GOAL OF THE EXERCISE =>
What do the lines say from the start of the entries through the one containing "Tru-By-Hilton-Chapel-Hill-Hotel-Exterior"? Repeat them exactly.

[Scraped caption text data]
- - -

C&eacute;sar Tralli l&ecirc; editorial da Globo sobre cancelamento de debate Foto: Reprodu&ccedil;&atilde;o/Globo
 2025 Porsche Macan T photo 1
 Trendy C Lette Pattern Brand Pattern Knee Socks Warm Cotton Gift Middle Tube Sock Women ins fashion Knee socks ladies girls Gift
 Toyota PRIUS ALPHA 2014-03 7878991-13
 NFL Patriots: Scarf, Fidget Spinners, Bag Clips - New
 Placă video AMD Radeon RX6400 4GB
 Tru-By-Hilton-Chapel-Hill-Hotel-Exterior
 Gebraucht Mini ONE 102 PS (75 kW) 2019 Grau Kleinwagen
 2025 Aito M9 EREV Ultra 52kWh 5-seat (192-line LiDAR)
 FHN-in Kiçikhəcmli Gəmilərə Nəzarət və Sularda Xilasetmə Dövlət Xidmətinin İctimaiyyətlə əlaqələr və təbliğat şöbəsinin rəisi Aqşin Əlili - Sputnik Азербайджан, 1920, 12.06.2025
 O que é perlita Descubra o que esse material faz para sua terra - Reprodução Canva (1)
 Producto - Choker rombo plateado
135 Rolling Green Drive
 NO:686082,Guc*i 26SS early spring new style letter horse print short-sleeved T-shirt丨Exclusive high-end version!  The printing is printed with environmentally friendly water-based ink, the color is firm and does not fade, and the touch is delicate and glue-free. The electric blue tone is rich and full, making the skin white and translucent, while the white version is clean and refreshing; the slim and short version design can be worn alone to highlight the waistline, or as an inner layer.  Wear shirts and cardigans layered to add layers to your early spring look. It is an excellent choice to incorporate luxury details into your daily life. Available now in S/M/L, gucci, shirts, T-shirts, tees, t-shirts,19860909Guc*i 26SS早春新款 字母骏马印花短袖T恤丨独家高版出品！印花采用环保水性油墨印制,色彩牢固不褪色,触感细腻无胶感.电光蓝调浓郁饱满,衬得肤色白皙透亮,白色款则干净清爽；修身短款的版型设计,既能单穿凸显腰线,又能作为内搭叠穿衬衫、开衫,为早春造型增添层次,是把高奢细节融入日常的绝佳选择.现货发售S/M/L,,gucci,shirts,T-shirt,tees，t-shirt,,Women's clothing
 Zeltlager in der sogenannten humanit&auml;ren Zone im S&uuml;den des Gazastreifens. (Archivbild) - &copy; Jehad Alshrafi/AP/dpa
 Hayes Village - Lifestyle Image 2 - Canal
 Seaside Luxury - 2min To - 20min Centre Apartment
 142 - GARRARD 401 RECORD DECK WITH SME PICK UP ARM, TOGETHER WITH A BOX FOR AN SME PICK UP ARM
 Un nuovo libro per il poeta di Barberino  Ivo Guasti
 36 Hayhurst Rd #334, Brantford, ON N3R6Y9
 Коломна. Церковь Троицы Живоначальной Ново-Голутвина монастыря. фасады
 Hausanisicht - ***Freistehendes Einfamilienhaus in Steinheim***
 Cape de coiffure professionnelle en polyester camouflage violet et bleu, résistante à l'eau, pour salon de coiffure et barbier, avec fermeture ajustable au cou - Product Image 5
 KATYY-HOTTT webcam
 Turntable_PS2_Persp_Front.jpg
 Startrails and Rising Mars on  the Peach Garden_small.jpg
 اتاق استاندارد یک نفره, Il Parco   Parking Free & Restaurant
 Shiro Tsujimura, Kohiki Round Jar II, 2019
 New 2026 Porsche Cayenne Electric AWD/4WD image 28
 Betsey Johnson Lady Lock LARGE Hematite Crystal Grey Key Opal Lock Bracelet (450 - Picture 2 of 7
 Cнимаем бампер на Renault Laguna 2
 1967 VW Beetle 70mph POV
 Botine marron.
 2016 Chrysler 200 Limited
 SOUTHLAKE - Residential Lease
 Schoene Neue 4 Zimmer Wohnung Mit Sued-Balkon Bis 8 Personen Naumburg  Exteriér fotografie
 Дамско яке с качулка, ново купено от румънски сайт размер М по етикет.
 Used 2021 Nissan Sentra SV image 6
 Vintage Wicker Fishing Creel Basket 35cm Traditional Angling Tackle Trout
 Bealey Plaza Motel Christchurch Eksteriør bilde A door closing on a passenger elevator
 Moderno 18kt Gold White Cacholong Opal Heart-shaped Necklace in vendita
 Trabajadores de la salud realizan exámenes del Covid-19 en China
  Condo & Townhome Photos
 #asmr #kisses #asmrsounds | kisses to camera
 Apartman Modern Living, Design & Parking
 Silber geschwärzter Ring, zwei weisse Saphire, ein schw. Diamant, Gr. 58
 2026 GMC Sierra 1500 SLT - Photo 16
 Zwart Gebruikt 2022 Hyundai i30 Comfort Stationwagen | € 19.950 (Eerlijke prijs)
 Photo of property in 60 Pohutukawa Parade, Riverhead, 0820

- - -

OUTPUT FOR THIS EXERCISE =>
C&eacute;sar Tralli l&ecirc; editorial da Globo sobre cancelamento de debate Foto: Reprodu&ccedil;&atilde;o/Globo
 2025 Porsche Macan T photo 1
 Trendy C Lette Pattern Brand Pattern Knee Socks Warm Cotton Gift Middle Tube Sock Women ins fashion Knee socks ladies girls Gift
 Toyota PRIUS ALPHA 2014-03 7878991-13
 NFL Patriots: Scarf, Fidget Spinners, Bag Clips - New
 Placă video AMD Radeon RX6400 4GB
 Tru-By-Hilton-Chapel-Hill-Hotel-Exterior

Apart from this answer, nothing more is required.